** What you have to do **
Each entry below must appear in the answer exactly as written.

** Scraped caption text data **
____________________

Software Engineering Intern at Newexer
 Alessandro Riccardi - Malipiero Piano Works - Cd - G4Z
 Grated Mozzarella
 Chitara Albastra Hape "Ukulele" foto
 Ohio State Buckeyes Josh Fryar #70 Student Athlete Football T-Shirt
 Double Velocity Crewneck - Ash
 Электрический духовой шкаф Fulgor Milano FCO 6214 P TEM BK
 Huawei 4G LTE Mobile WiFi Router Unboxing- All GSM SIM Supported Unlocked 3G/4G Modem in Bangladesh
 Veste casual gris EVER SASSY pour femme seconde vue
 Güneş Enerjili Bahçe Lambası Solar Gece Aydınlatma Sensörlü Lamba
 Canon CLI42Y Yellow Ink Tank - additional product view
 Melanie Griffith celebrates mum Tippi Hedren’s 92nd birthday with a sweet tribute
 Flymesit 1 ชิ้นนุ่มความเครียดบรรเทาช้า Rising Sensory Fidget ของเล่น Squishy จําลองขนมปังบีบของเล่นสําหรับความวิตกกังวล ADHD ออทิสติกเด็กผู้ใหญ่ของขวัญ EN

____________________

** Output of the exercise **
Software Engineering Intern at Newexer
 Alessandro Riccardi - Malipiero Piano Works - Cd - G4Z
 Grated Mozzarella
 Chitara Albastra Hape "Ukulele" foto
 Ohio State Buckeyes Josh Fryar #70 Student Athlete Football T-Shirt
 Double Velocity Crewneck - Ash
 Электрический духовой шкаф Fulgor Milano FCO 6214 P TEM BK
 Huawei 4G LTE Mobile WiFi Router Unboxing- All GSM SIM Supported Unlocked 3G/4G Modem in Bangladesh
 Veste casual gris EVER SASSY pour femme seconde vue
 Güneş Enerjili Bahçe Lambası Solar Gece Aydınlatma Sensörlü Lamba
 Canon CLI42Y Yellow Ink Tank - additional product view
 Melanie Griffith celebrates mum Tippi Hedren’s 92nd birthday with a sweet tribute
 Flymesit 1 ชิ้นนุ่มความเครียดบรรเทาช้า Rising Sensory Fidget ของเล่น Squishy จําลองขนมปังบีบของเล่นสําหรับความวิตกกังวล ADHD ออทิสติกเด็กผู้ใหญ่ของขวัญ EN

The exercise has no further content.